Well, you would certainly know if different metersticks changed size in different ways. Then two metersticks that started out the same size would end up different sizes.

If you're asking whether it's possible that everything in the whole universe changed size in exactly the same ratio, so comparisons never changed, well, that wouldn't be observable. In that case, you could just define the length of something to be the length relative to a standard. Then by definition, if the ratio didn't change, then the lengths would be constant.

There is a certain flexibility or tradeoff between "laws of physics" and "geometry". If you wanted to define the surface of the Earth to be a flat plane, you could do so, but then you would find all sorts of effects, such as the lengths of objects changing as you move them around.

The only thing that you can physically test is the combination of particular laws of physics with particular assumptions about geometry. You can't test the two completely separately (I don't think). For example, in a rotating coordinate system, there is an apparent "centrifugal force" seeming to fling objects away from the center of rotation. Properly understood, this is not an actual force, but is a manifestation of geometry.

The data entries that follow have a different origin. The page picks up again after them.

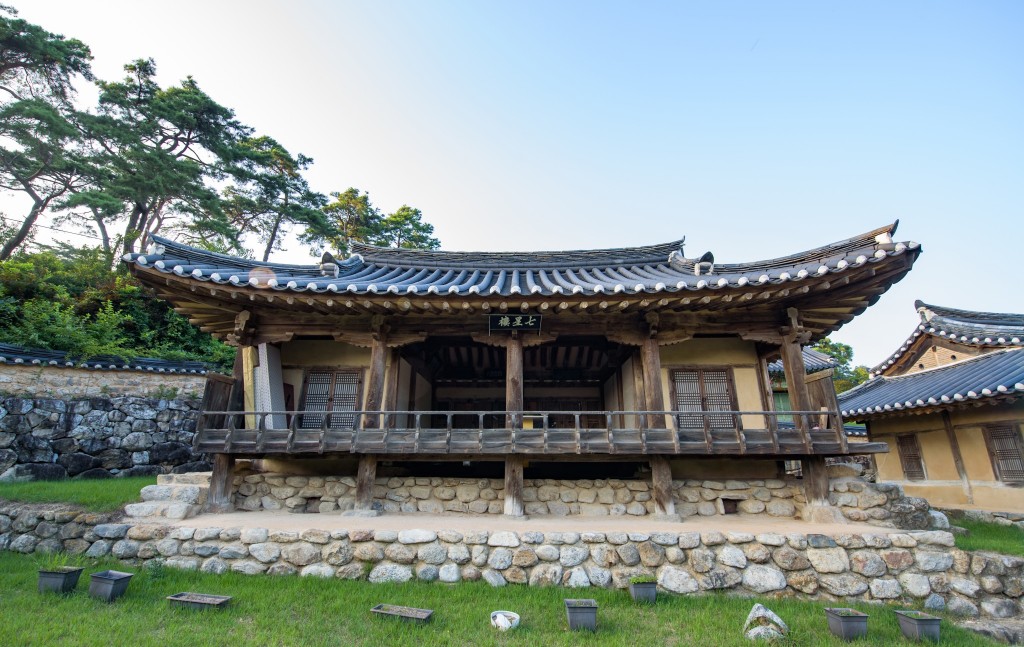 칠성루 및 휴계재사 정면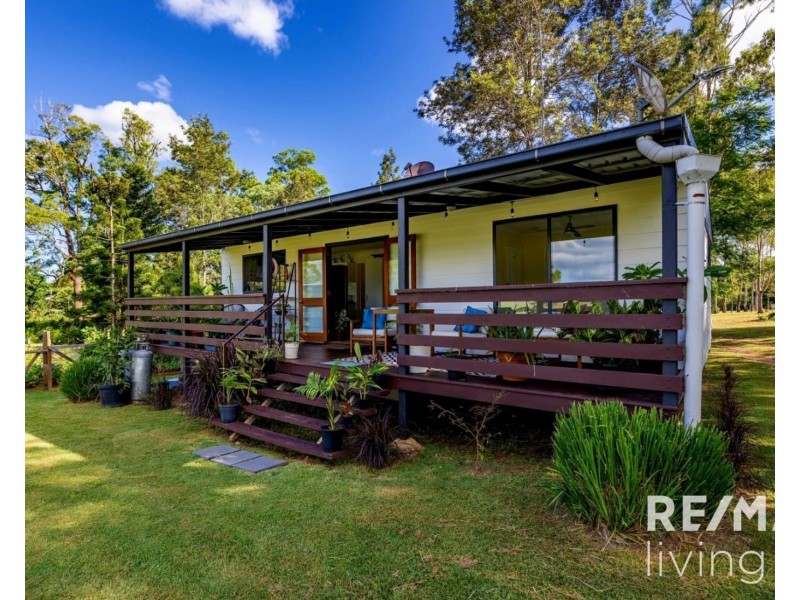 94 Hardgrave Road, Benarkin North QLD 4306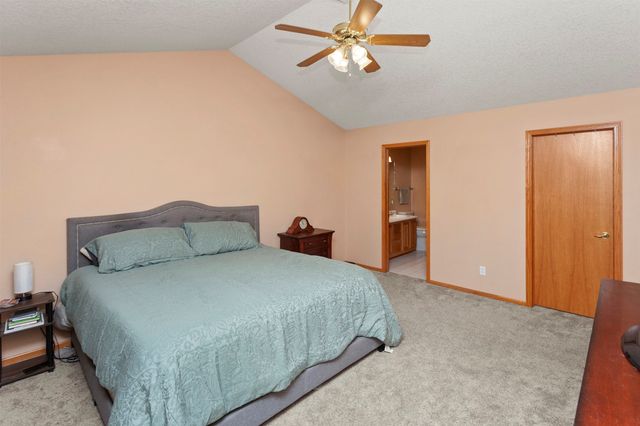 301 NW Seasons Drive, Ankeny, IA 50023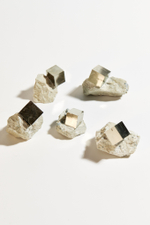 Пирит на породе S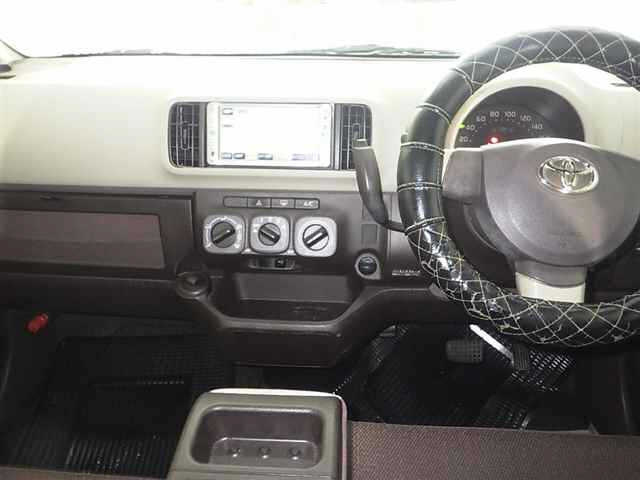TOYOTA PASSO 2010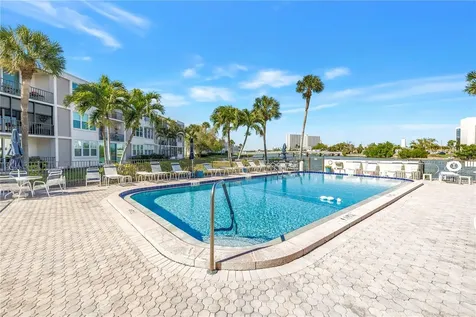 7401 Bay Island Drive S South Pasadena FL 33707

You could, however, attribute it to a physical force, instead of geometry. That is, you could assume that your coordinates are not rotating, but that there is some strange "anti-gravity" emanating from the center, pushing things out. That's certainly a possible interpretation, but it would lead to a strange theory, because there is no source to this force field. There's no actual object in the center that could be the source of some kind of anti-gravity.

So the choice between what's geometry and what's physical forces is not completely determined, but we choose the geometry that makes the laws of physics as simple as possible.

But looking at the math i instead got the idea that it doesn't really matter because it's totally sufficient to think of all length measurements as in units of the local length of the meterstick rather then an invariant absolute value.

Right. I guess I should have read this before responding with the above.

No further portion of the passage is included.